Class AllToAllBlockingResultInfo

    • Field Detail

      • aggregatedSubpartitionBytes

        @Nullable
        protected List<Long> aggregatedSubpartitionBytes
        Aggregated subpartition bytes, which aggregates the subpartition bytes with the same subpartition index in different partitions. Note that We can aggregate them because they will be consumed by the same downstream task.
      • numOfPartitions

        protected final int numOfPartitions
      • numOfSubpartitions

        protected final int numOfSubpartitions
      • subpartitionBytesByPartitionIndex

        protected final Map<Integer,​long[]> subpartitionBytesByPartitionIndex
        The subpartition bytes map. The key is the partition index, value is a subpartition bytes list.
    • Method Detail

      • isBroadcast

        public boolean isBroadcast()
        Description copied from interface: IntermediateResultInfo
        Determines whether the associated intermediate data set uses a broadcast distribution pattern.

        A broadcast distribution pattern indicates that all data produced by this intermediate data set should be broadcast to every downstream consumer.

        Returns:
        true if the intermediate data set is using a broadcast distribution pattern; false otherwise.
      • isSingleSubpartitionContainsAllData

        public boolean isSingleSubpartitionContainsAllData()
        Description copied from interface: IntermediateResultInfo
        Checks whether there is a single subpartition that contains all the produced data.
        Returns:
        true if one subpartition that contains all the data; false otherwise.
      • isPointwise

        public boolean isPointwise()
        Description copied from interface: IntermediateResultInfo
        Whether it is a pointwise result.
        Returns:
        whether it is a pointwise result
      • getNumPartitions

        public int getNumPartitions()
        Description copied from interface: IntermediateResultInfo
        Get number of partitions for this result.
        Returns:
        the number of partitions in this result
      • getNumSubpartitions

        public int getNumSubpartitions​(int partitionIndex)
        Description copied from interface: IntermediateResultInfo
        Get number of subpartitions for the given partition.
        Parameters:
        partitionIndex - the partition index
        Returns:
        the number of subpartitions of the partition
      • getNumBytesProduced

        public long getNumBytesProduced()
        Description copied from interface: BlockingResultInfo
        Return the num of bytes produced(numBytesProduced) by the producer.

        The difference between numBytesProduced and numBytesOut : numBytesProduced represents the number of bytes actually produced, and numBytesOut represents the number of bytes sent to downstream tasks. In unicast scenarios, these two values should be equal. In broadcast scenarios, numBytesOut should be (N * numBytesProduced), where N refers to the number of subpartitions.

        Returns:
        the num of bytes produced by the producer
      • onFineGrainedSubpartitionBytesNotNeeded

        protected void onFineGrainedSubpartitionBytesNotNeeded()
        This method should be called when fine-grained information is no longer needed. It will aggregate and clears the fine-grained subpartition bytes to reduce space usage.

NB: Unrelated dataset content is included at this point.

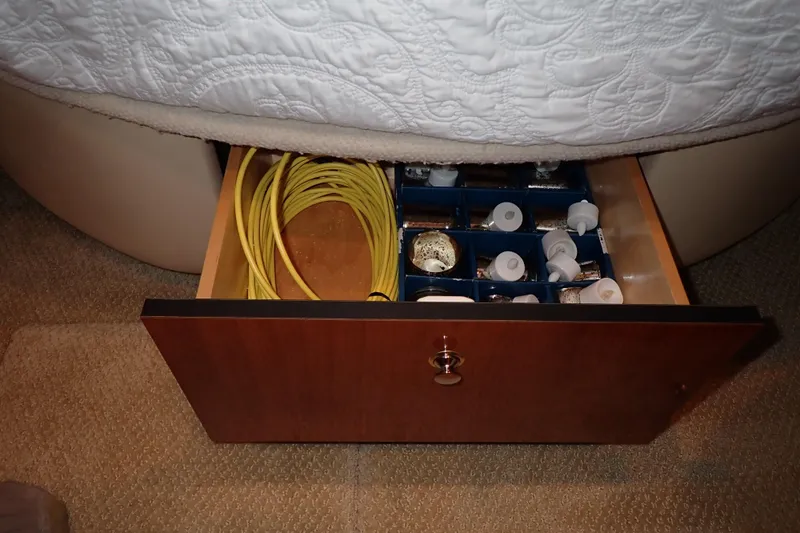 Lattitude Adjustment Yacht Photos Pics Open drawer in 2003 Sea Ray 480 Sedan Bridge, storing cables and small containers.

        Once all partitions are finished and all consumer jobVertices are initialized, we can convert the subpartition bytes to aggregated value to reduce the space usage, because the distribution of source splits does not affect the distribution of data consumed by downstream tasks of ALL_TO_ALL edges(Hashing or Rebalancing, we do not consider rare cases such as custom partitions here).

      • resetPartitionInfo

        public void resetPartitionInfo​(int partitionIndex)
        Description copied from interface: BlockingResultInfo
        Reset the information of the result partition.
        Specified by:
        resetPartitionInfo in interface BlockingResultInfo
        Parameters:
        partitionIndex - the intermediate result partition index
      • getNumBytesProduced

        public long getNumBytesProduced​(IndexRange partitionIndexRange,
                                        IndexRange subpartitionIndexRange)
        Description copied from interface: BlockingResultInfo
        Return the aggregated num of bytes according to the index range for partition and subpartition.
        Specified by:
        getNumBytesProduced in interface BlockingResultInfo
        Parameters:
        partitionIndexRange - range of the index of the consumed partition.
        subpartitionIndexRange - range of the index of the consumed subpartition.
        Returns:
        aggregated bytes according to the index ranges.
      • getAggregatedSubpartitionBytes

        public List<Long> getAggregatedSubpartitionBytes()
      • getSubpartitionBytesByPartitionIndex

        public Map<Integer,​long[]> getSubpartitionBytesByPartitionIndex()
        Description copied from interface: BlockingResultInfo
        Gets subpartition bytes by partition index.
        Specified by:
        getSubpartitionBytesByPartitionIndex in interface BlockingResultInfo
        Returns:
        a map with integer keys representing partition indices and long array values representing subpartition bytes.